Revelator by Ron Silliman cover image[BookThug; 2013]

With Revelator, Ron Silliman provides us with the initial gesture of an audaciously large-scale project: a projected 360-part poem titled Universe.  Silliman, a central figure in the West-coast Language poetry scene and an extremely influential blogger, is no stranger to the (extremely) long poem.  He claims to consider his entire life’s work as part of a work in progress titled Ketjak (named after the Balinese monkey chant), in which Universe would constitute the fourth volume (following Age of Huts, Tjanting, and The Alphabet).  Silliman’s ambitions for Universe, however, are unprecedentedly grand — according to Bookthug’s website, the entire poem would take 300 years to complete.  Silliman has always been a divisive figure, alternately hailed as a major late-century poet and assailed as unreadable.  This polarizing effect seems to result not just from Silliman’s high level of visibility in the contemporary American scene, but also from his unusual technical tendencies: in Silliman’s writing, extreme prolixity and effortless command of large-scale formal techniques have always coexisted with apparent indifference to the kind of sculpting of individual phrases and sentences that poets have traditionally considered essential to their art-form.  In an age where poets and students of poetry tend to be at best modest and at worst melancholy about what their work can accomplish, Silliman is notable for having persistently and unapologetically pursued projects that are expansive and optimistic in their sense of how poetry can capture our experience of the world.  To use a term that is not his and which he would not necessarily feel comfortable with: while other poets have struggled with a sense of their own diminutiveness, Silliman has continued to write epic.  Revelator extends this inexplicable optimism about the viability of the epic mode, and accordingly reenacts many of the (considerable) strengths and (considerable) weaknesses of Silliman’s previous work.  I would like to conjecture, however, that it also signals a turn in Silliman’s poetics away from parataxis and toward blurriness, a move toward new and more capacious ways of imagining how poetic form can hold worlds together.

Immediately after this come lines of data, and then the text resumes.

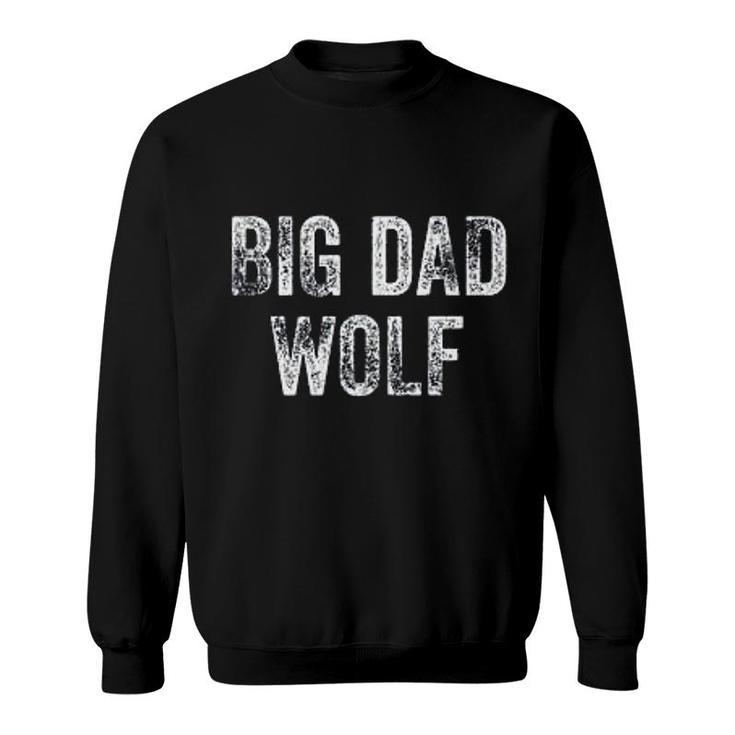 Big Dad Wolf Sweatshirt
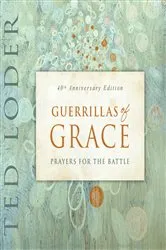 Book cover of Guerrillas of Grace (40th ed.) by Ted Loder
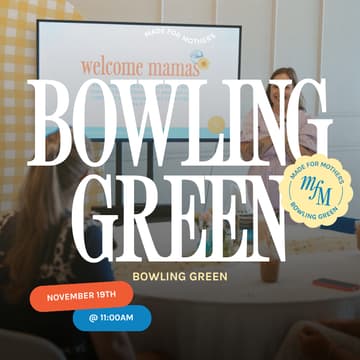 Cover Image for Made For Mothers X Bowling Green: November Meet Up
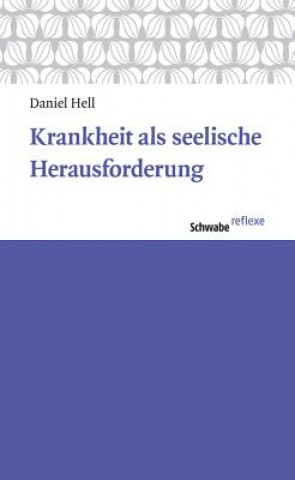 Kniha Krankheit als seelische Herausforderung Daniel Hell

Silliman wrote Revelator according to a simple procedural concept: a long poem with exactly five words per line, and exactly enough lines to fill one notebook.  The result is 75 pages of flowing, free-associative verse, drawn largely from Silliman’s everyday life with periodic excursions into politics and poetics.  Road trips, pre-dawn writing sessions (Silliman is an early riser) and meals at restaurants blend into indictments of the federal government’s response to Hurricane Katrina and allusions to such figures as Charles Olson and William Carlos Williams.  At times, Silliman uses assonance and internal rhyme to hold this sprawling texture together, as in the poem’s opening lines: “Words torn, unseen, unseemly, scene / some far suburb’s mall lot.”  More often, however, he simply lets his pen follow its own course, allowing one tableau to bleed into another:

neighbor waddles out

to fetch paper, hard copy

is an old copy, cold stone

atop which to scoop even

colder cream, white chocolate kisses

battered in, the maple reddens

while the oak goes yellow (18)

 

These lines, which careen from a front lawn to an ice-cream shop to an autumnal scene, indicate the contours of the larger work, which is nothing more or less than a slew of such material held together by a simple formal scheme.  Silliman’s technique may be baggy, but his commitment to it is rigorous, at times carrying him perilously close to bathos: “I scream, you / scream, we all scream for / that which is unnamable, unquenchable, / inconsolable (deep in one’s chest / surrounding the heart)” (12)

In many ways, all of this amounts to saying that previous readers of Silliman will find themselves treading familiar ground with Revelator.  Silliman’s poetics have always drawn their energy from the interaction between localized content and large-scale form, binding a cascade of heterogeneous, effusive, messy sentences into austere formal structures.  A personal favorite of mine, for example, is “Ketjak” (the opening poem of the Age of Huts cycle, not to be confused with Ketjak, Silliman’s life-work), a long prose poem that begins with a single sentence and then repeatedly supplements it with additional sentences until the poem balloons into paragraphs of ponderous, unassimilable length.  This procedure, which organizes a chaotic wilderness of prose within the parameters of a procedure simple enough to be understood by a child, illustrates what is important (I think) about Silliman’s work: an acute instinct for the potential of form to organize bewildering content.  Silliman is a highly adept poet, but his contributions have never originated in his “ear,” his sensitivity to the minute resonances and contingencies of language (which, truth be told, is rarely more than passable).  The acuity of his work, rather, stems from his intuition for how to make landscapes of impossible complexity unfold from the simplest formal conceit — or, conversely, how form can allow poetry to manage and contain complexity, to make an overwhelming flood of information visible as something simple and elegant.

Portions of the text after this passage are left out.